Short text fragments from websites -

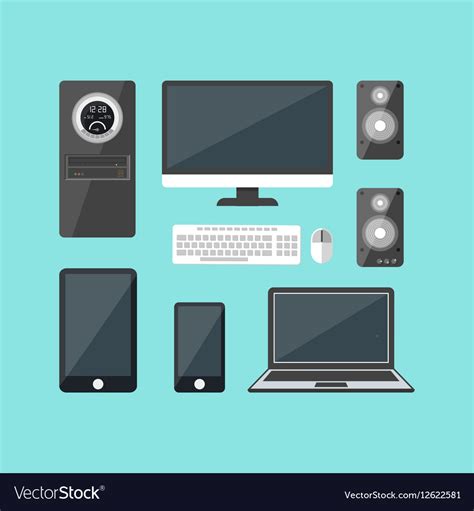 Cartoon electronic devices set Royalty Free Vector Image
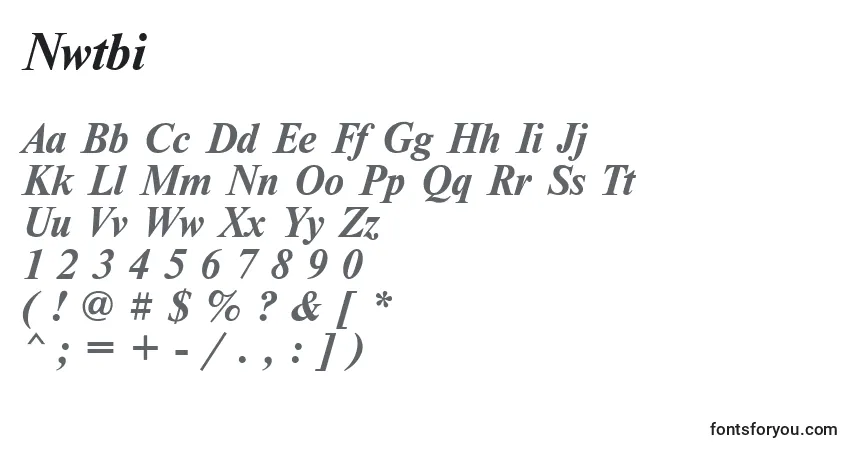 Schriftart Nwtbi – Alphabet, Zahlen, spezielle Symbole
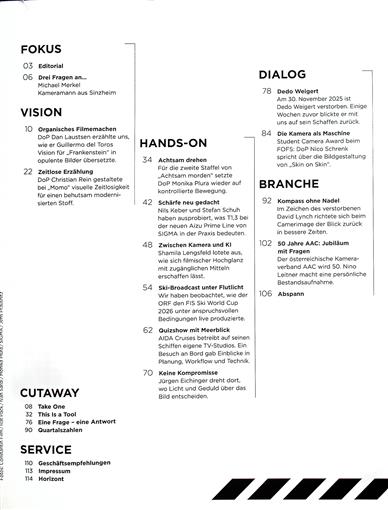 Film & TV Kamera Inhaltsverzeichnis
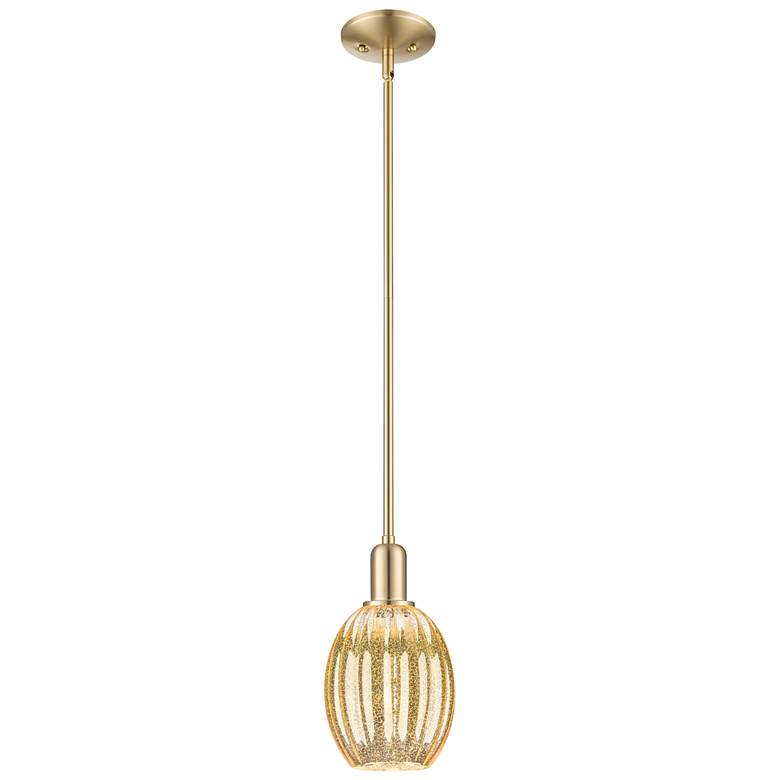 Image 1 Downtown Preston 6"W Stem Bronze Mini Pendant w/ Mercury Bell Shade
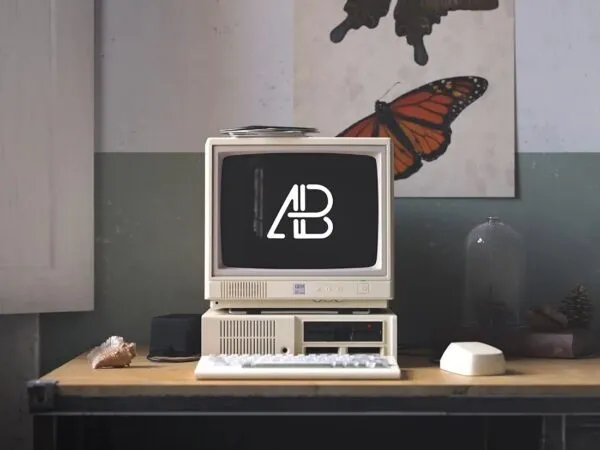 Retro IBM Desktop Mockup 1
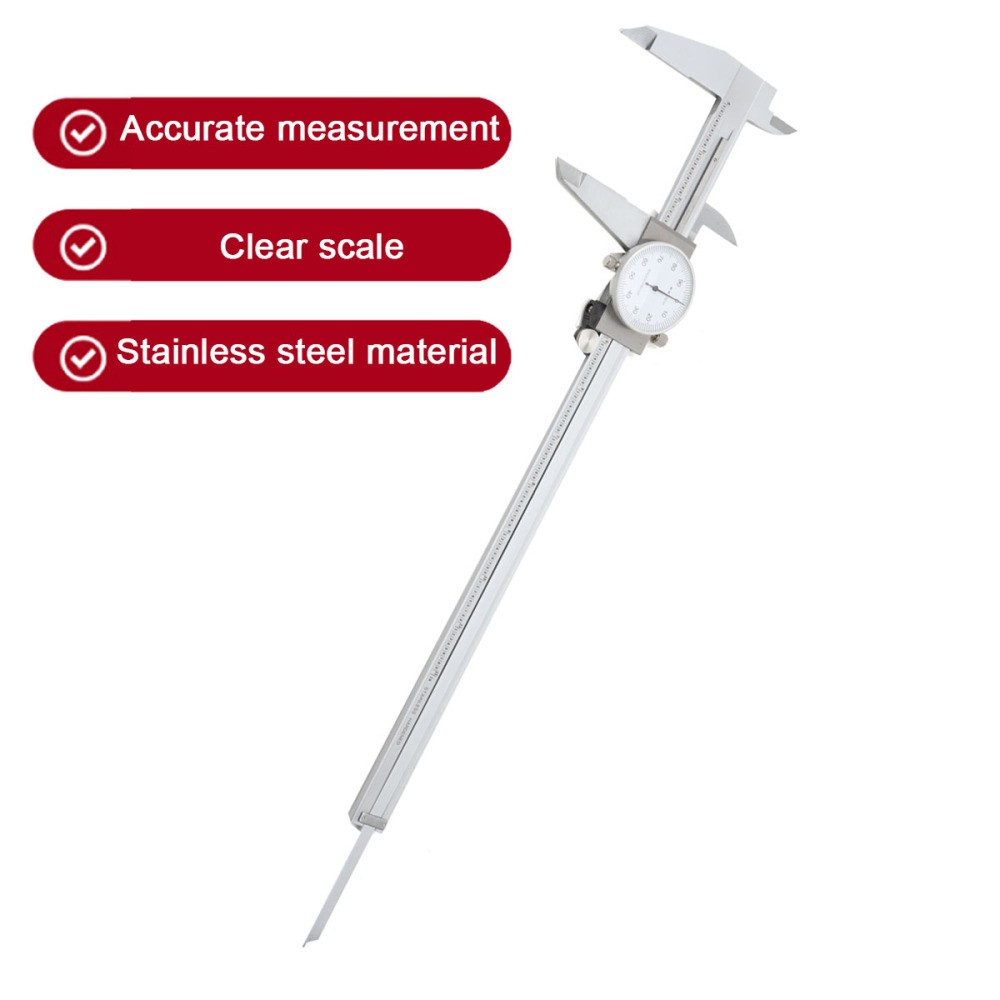 12'' Large Dial Caliper Shockproof Calipers Ruler Stainless Steel With Case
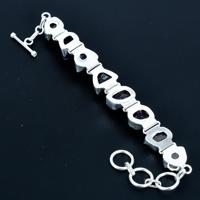 Pulsera de Plata de Ley 925 con Amatista en Bruto, Estilo Vintage, Hecha a Mano, con Cadena Navideña, Estilo Boho Hippie, de Art Palace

WHAT YOU NEED TO DO - All entries should be reproduced exactly; no picture belongs in the result.

FINISHED TASK -
 Cartoon electronic devices set Royalty Free Vector Image
 Schriftart Nwtbi – Alphabet, Zahlen, spezielle Symbole
 Film & TV Kamera Inhaltsverzeichnis
 Image 1 Downtown Preston 6"W Stem Bronze Mini Pendant w/ Mercury Bell Shade
 Retro IBM Desktop Mockup 1
 12'' Large Dial Caliper Shockproof Calipers Ruler Stainless Steel With Case
 Pulsera de Plata de Ley 925 con Amatista en Bruto, Estilo Vintage, Hecha a Mano, con Cadena Navideña, Estilo Boho Hippie, de Art Palace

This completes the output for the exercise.